Beyond Lori, other magic-based characters frequent Superman’s world time and again. The fifth-dimensional imp Mr. Mxyzptlk is one of Kal-El’s oldest and strongest adversaries, a trickster who can only be defeated by being tricked in turn to say his name backwards. Supes regularly fights the Silver Banshee, victim of an Irish curse. As a member of the Legion of Super-Heroes, Superboy served alongside the magical Princess Projectra of Orando and battled the wizard Mordru. The oddball comics of the postwar, early code era dabbled in many other genres as well, including fantasy stories that saw Superman face off against mythical heroes Hercules and Samson, or joining King Arthur’s Knights of the Round Table.
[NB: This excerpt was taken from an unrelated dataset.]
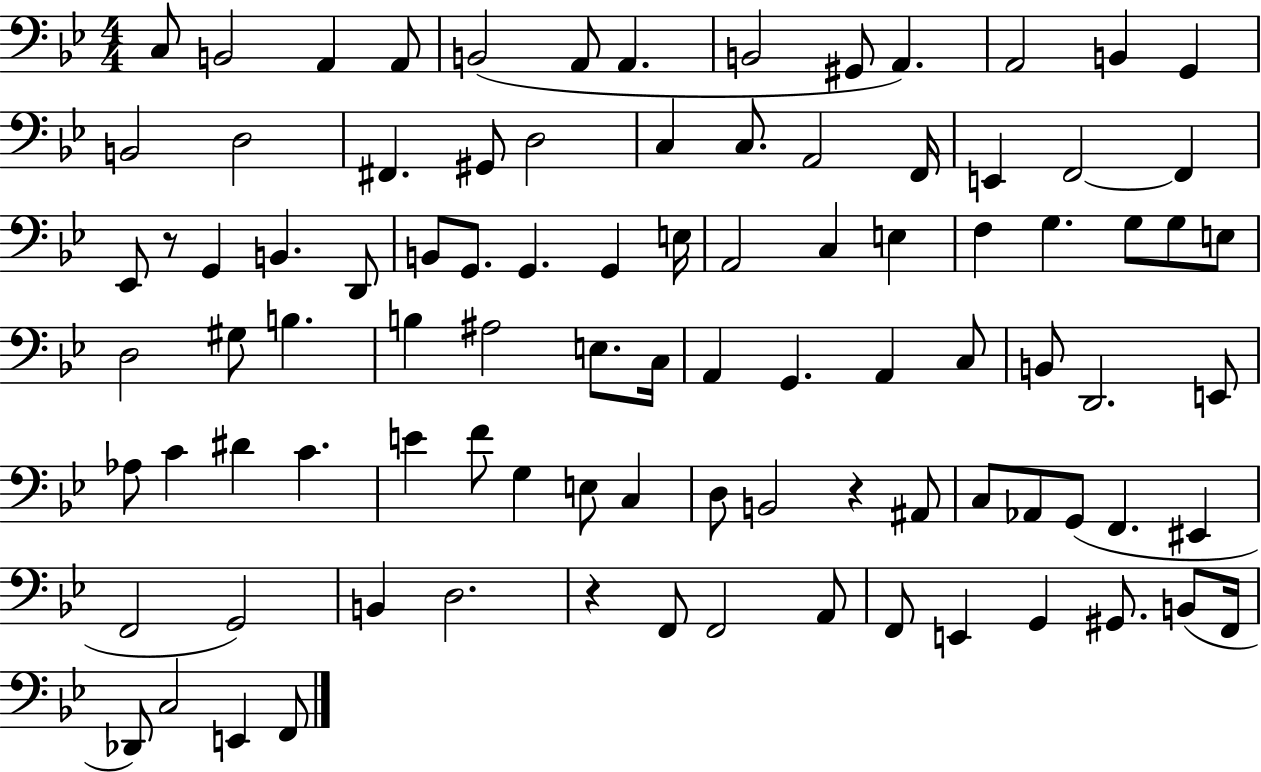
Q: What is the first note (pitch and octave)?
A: C3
The fantasy aspects are even more pronounced in Supergirl’s stories. She interacted with most of the same magical characters as her cousin, including Mxyzptlk and Mordru. But she had her own strange adventures, most famously involving her flying horse Comet, who changed into a human via a spell from the witch Circe and who dated Supergirl for some time. Supergirl counts among her rogues gallery the sorcerer Zond, the sorceress Nightflame, and more recently, Legion baddie the Emerald Empress, whose Emerald Eye of Ekron has magical properties.
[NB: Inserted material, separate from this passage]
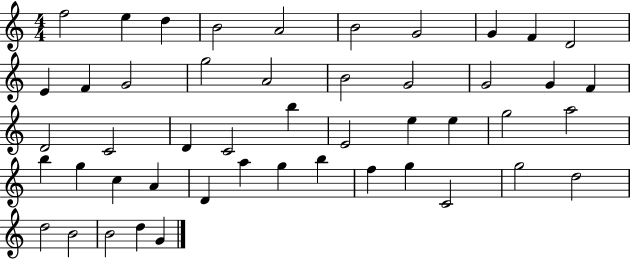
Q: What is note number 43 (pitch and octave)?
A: D5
Dunaway’s Selena may have been invented for the movie, but she’s very much in line with these eerie antagonists. Supergirl writer David Odell and director Jeannot Szwarc follow the tone and world established by Silver Age DC Comics. The Argo City of the film may look like the science-focused Krypton of Richard Donner’s movies, but it counts among its citizens the wizard Zoltar (Peter O’Toole), who holds a powerful MacGuffin called the Omegahedron. When Kara arrives on Earth and masquerades as human girl Linda Lee, Selena and the sniping warlock Nigel (Peter Cook) use their powers not just to find the Omegahedron but also to mess with Kara’s romance with groundskeeper Ethan (Hart Bochner, playing a very different type of white knight than he did in Die Hard).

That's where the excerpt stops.